=== Task details ===
Take the entries below and reproduce exactly the portion that begins at the line containing "Photo for Man" and ends at the line containing "Mici with mustard", keeping both ends, dropping pictures, and adding nothing else.

(Source records Opens)

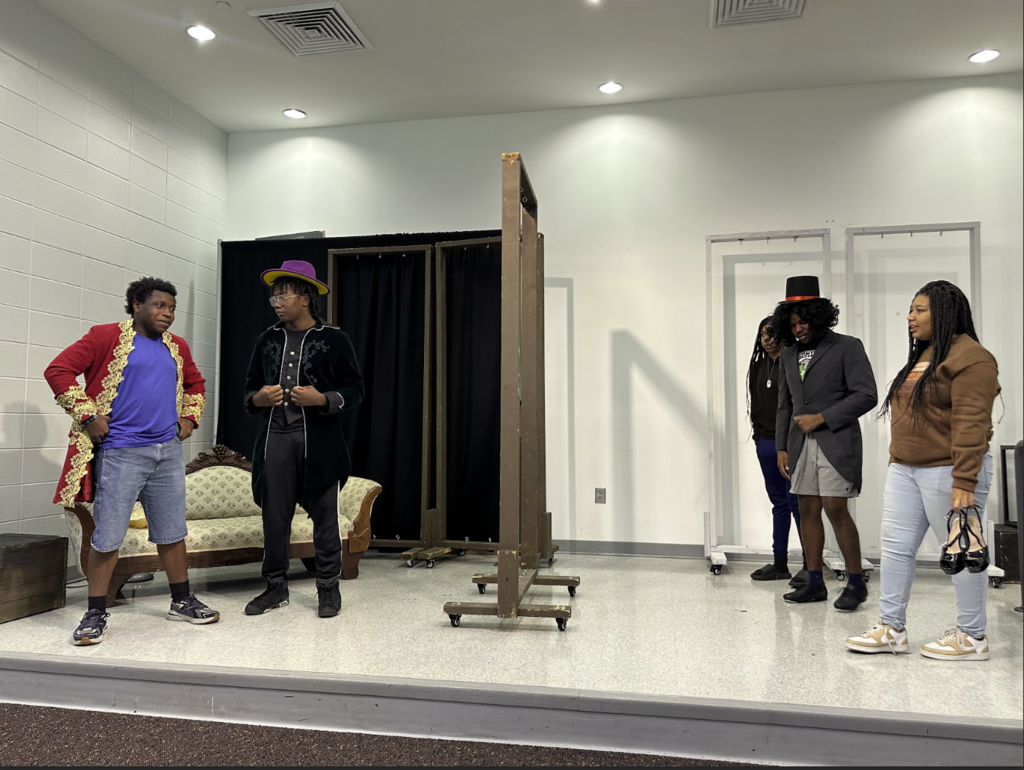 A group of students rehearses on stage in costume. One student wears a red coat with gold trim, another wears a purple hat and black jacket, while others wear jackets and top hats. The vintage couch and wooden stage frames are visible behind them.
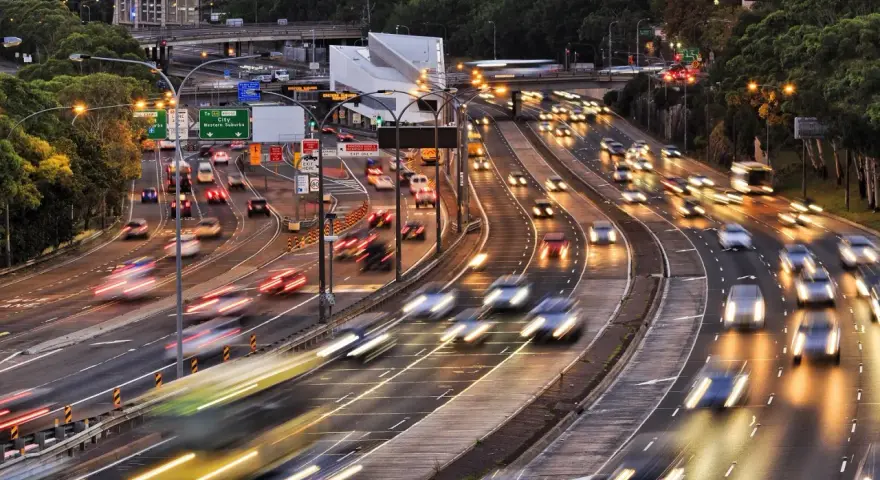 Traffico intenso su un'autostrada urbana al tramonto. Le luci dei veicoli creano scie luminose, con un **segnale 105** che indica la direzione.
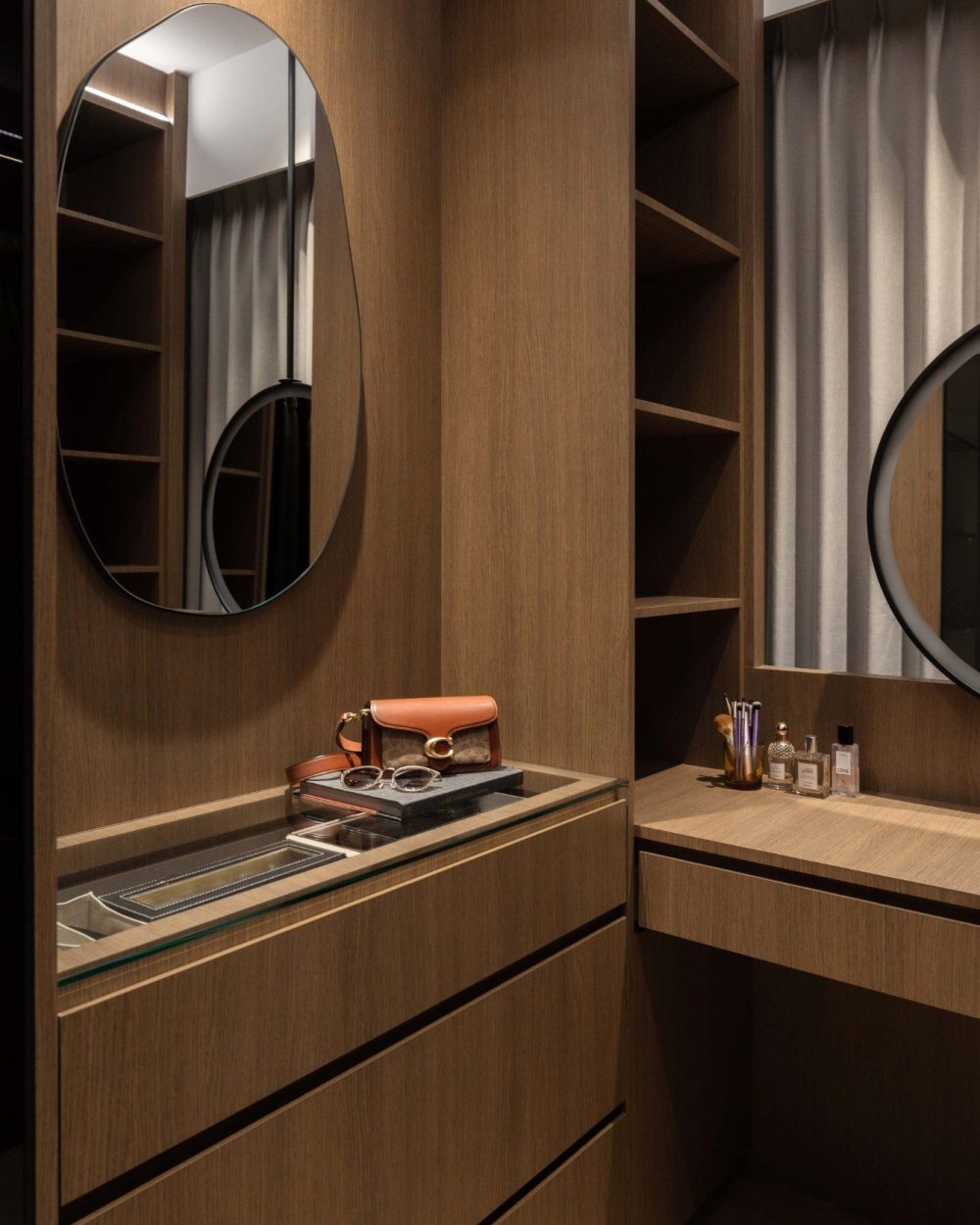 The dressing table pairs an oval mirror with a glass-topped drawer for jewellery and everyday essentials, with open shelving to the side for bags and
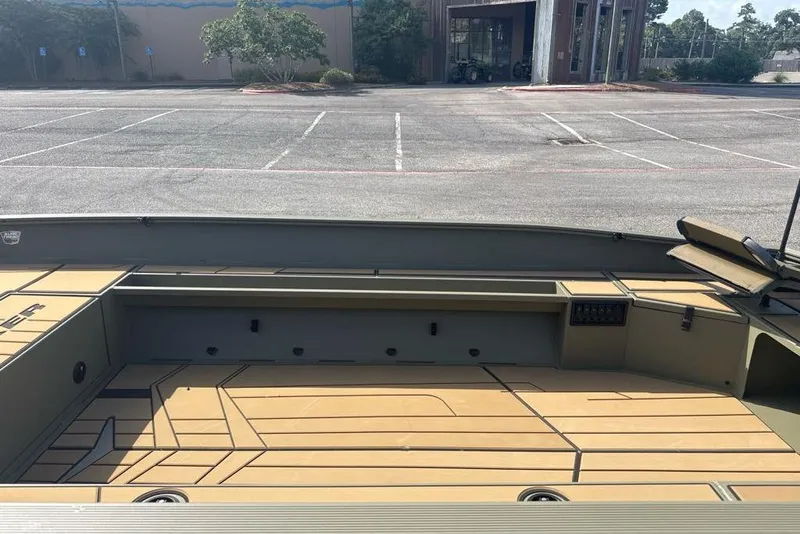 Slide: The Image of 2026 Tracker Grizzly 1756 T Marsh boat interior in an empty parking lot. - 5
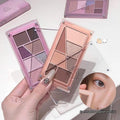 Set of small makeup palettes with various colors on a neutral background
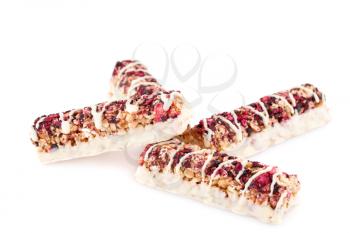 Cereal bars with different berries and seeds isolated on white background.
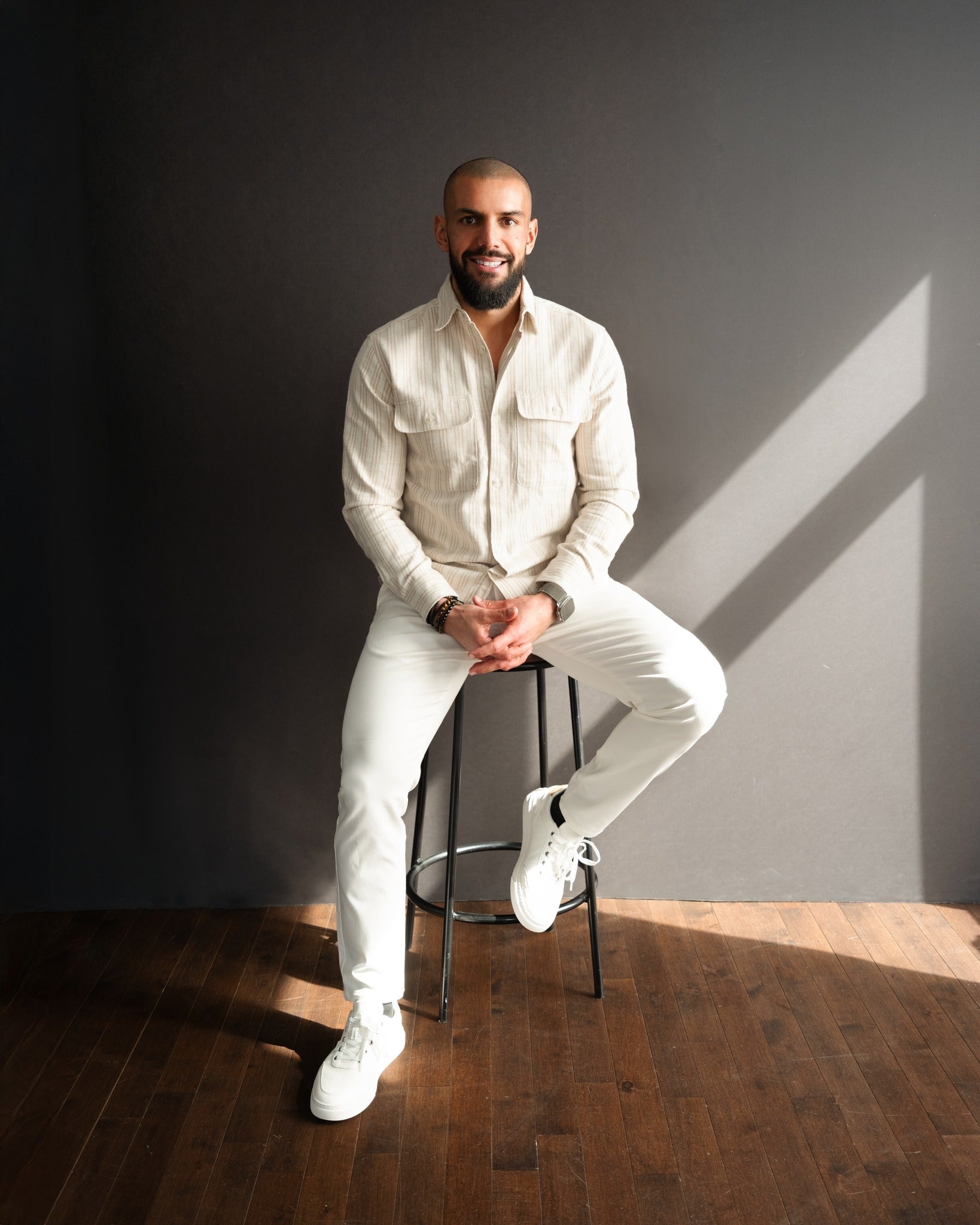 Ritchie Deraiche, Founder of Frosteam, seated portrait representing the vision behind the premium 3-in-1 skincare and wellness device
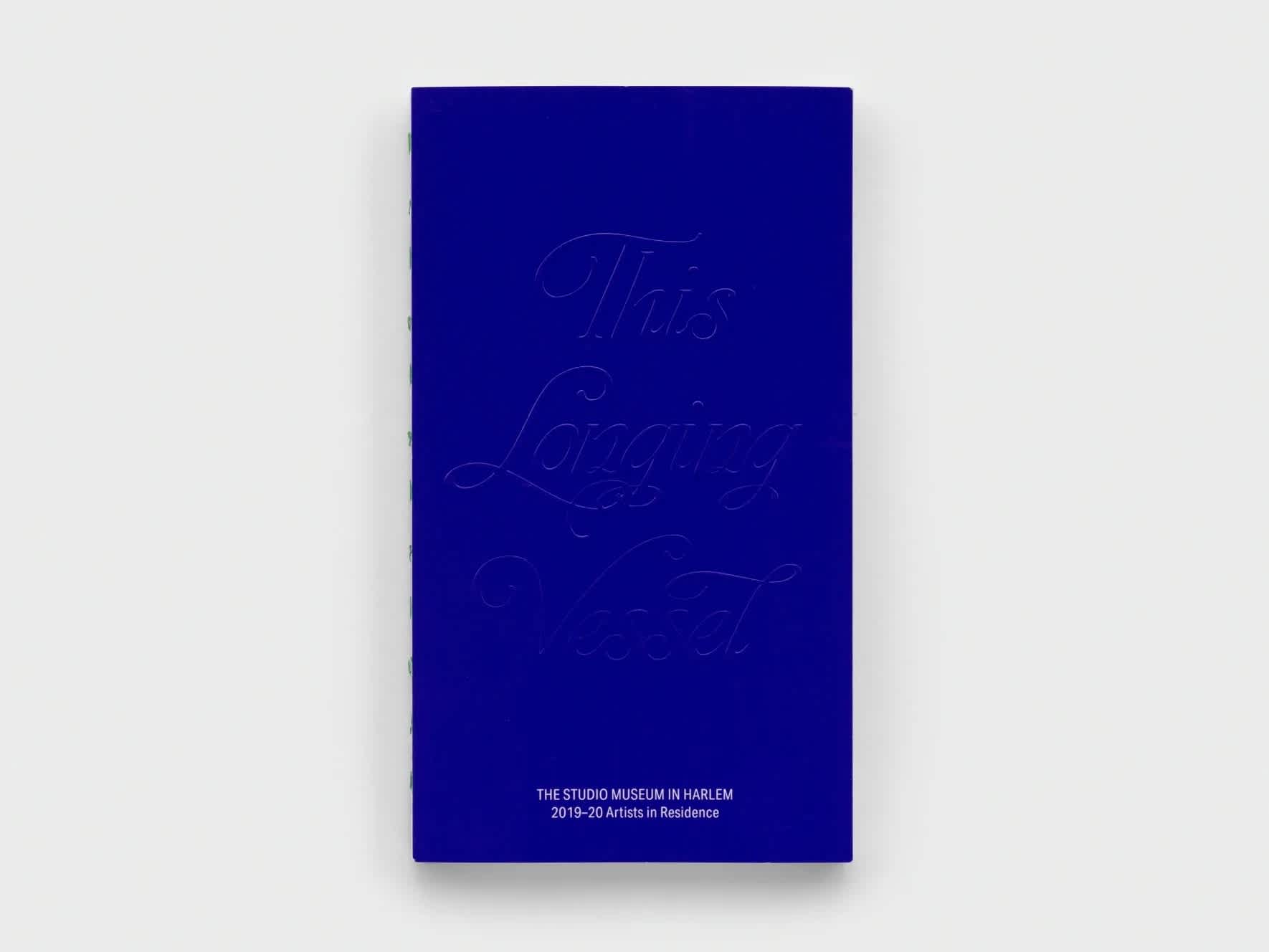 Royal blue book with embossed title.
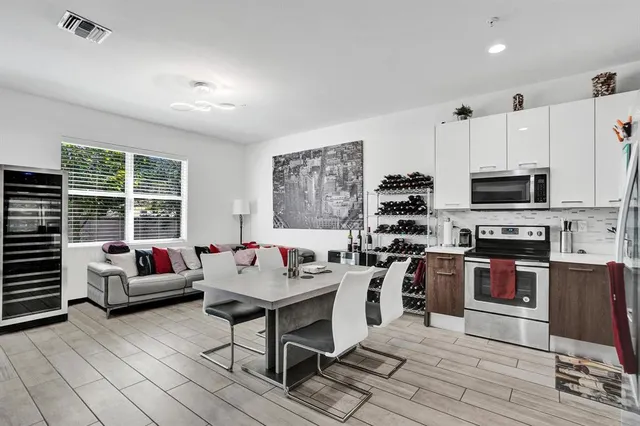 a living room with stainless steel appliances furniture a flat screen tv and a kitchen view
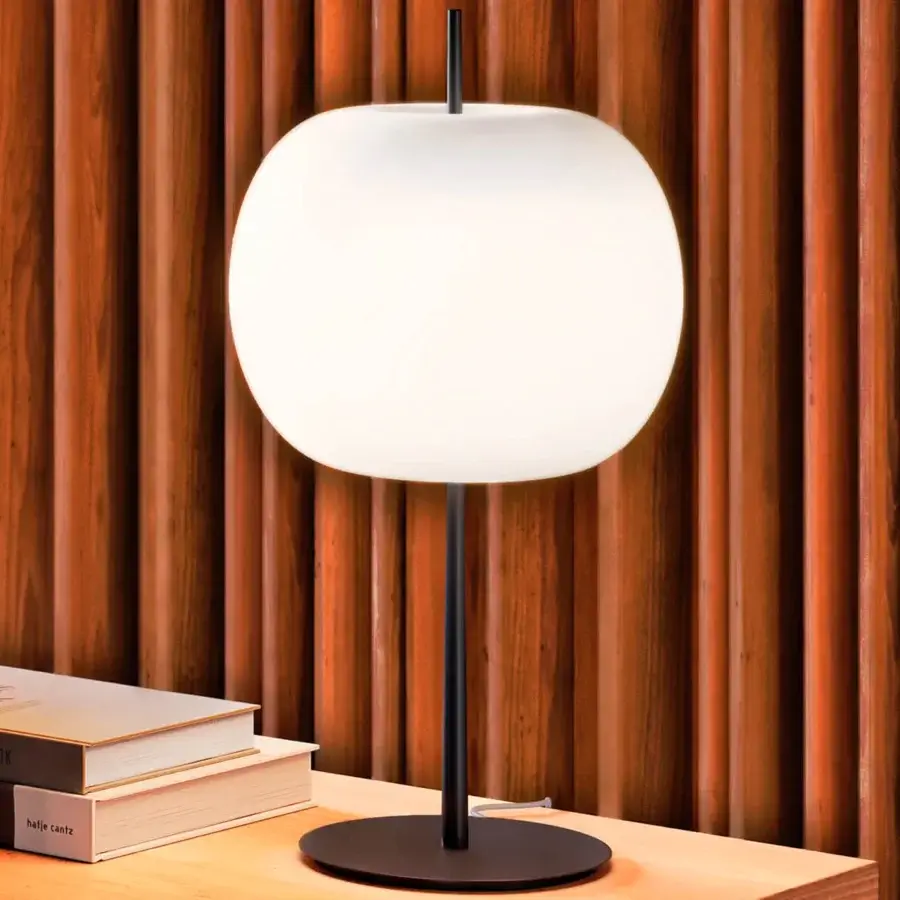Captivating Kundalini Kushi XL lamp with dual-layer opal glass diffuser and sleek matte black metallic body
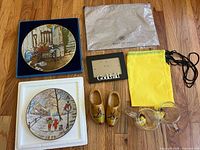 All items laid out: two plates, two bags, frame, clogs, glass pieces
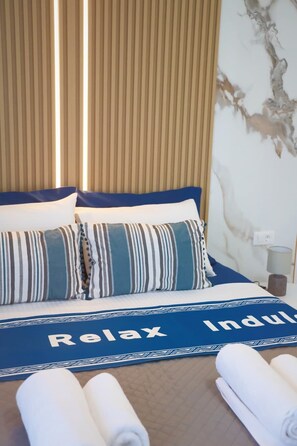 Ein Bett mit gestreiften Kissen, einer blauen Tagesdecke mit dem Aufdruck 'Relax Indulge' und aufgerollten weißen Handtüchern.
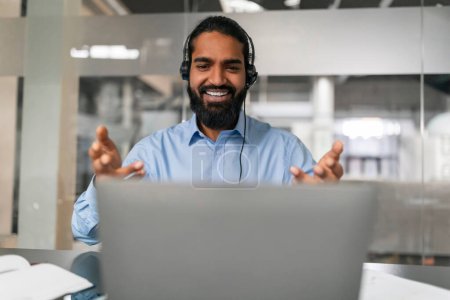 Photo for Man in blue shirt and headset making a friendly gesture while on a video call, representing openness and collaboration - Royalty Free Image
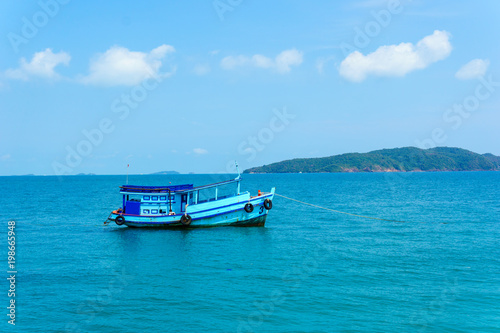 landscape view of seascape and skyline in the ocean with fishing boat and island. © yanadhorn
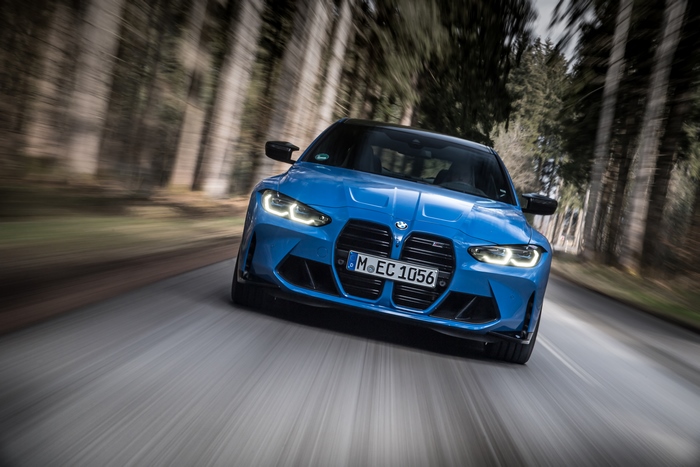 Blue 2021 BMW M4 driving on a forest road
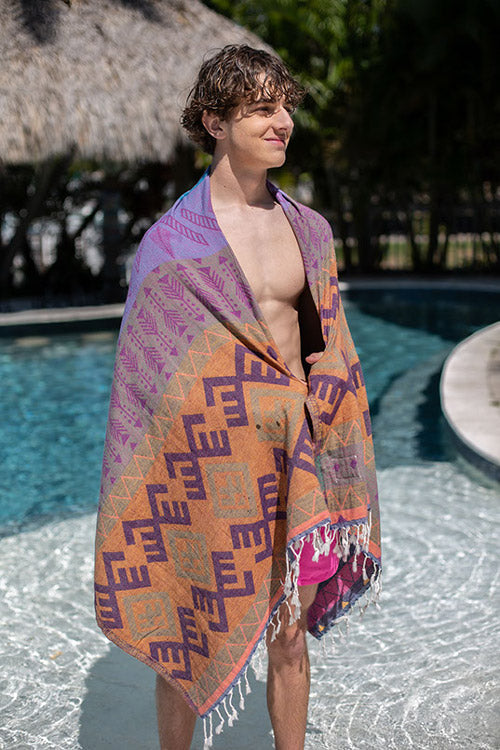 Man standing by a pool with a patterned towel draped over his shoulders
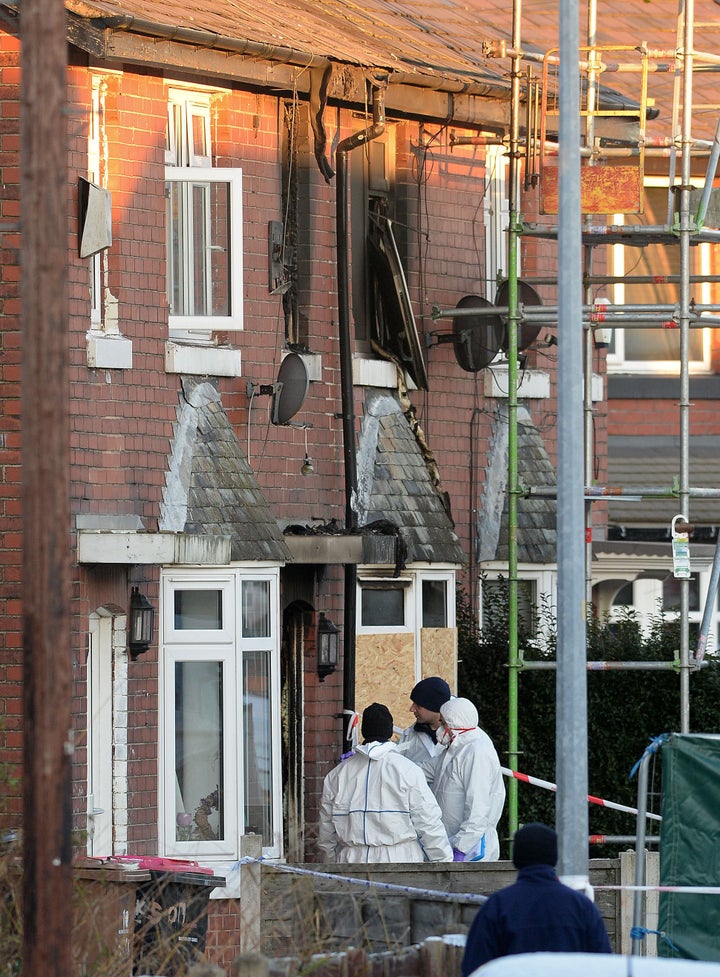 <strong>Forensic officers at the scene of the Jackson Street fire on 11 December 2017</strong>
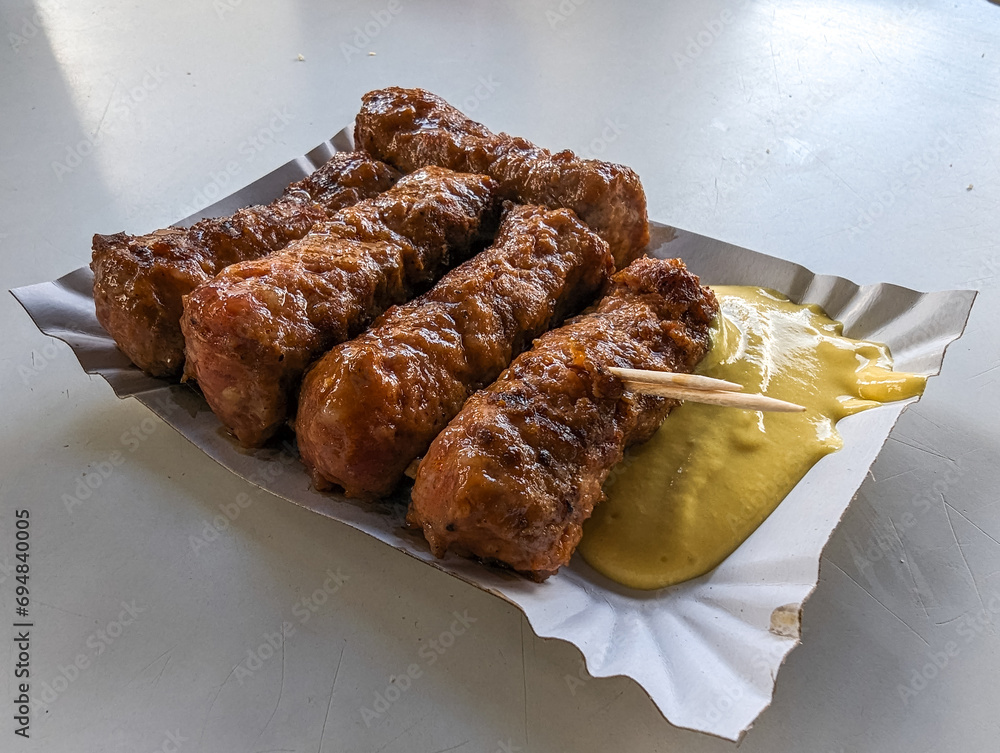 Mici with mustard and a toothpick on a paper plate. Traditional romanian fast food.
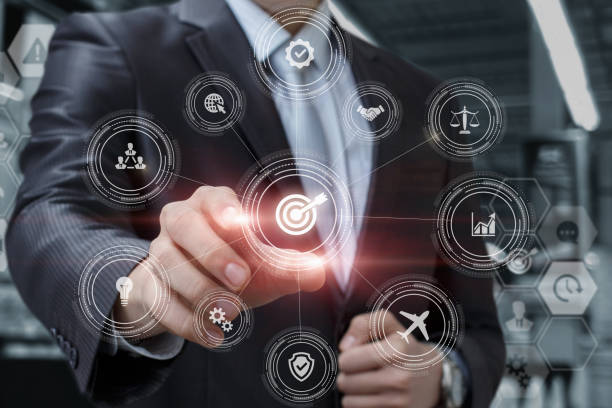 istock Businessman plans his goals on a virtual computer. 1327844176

(Source records Closes)

=== Expected answer ===
 Photo for Man in blue shirt and headset making a friendly gesture while on a video call, representing openness and collaboration - Royalty Free Image
 landscape view of seascape and skyline in the ocean with fishing boat and island. © yanadhorn
 Blue 2021 BMW M4 driving on a forest road
 Man standing by a pool with a patterned towel draped over his shoulders
 <strong>Forensic officers at the scene of the Jackson Street fire on 11 December 2017</strong>
 Mici with mustard and a toothpick on a paper plate. Traditional romanian fast food.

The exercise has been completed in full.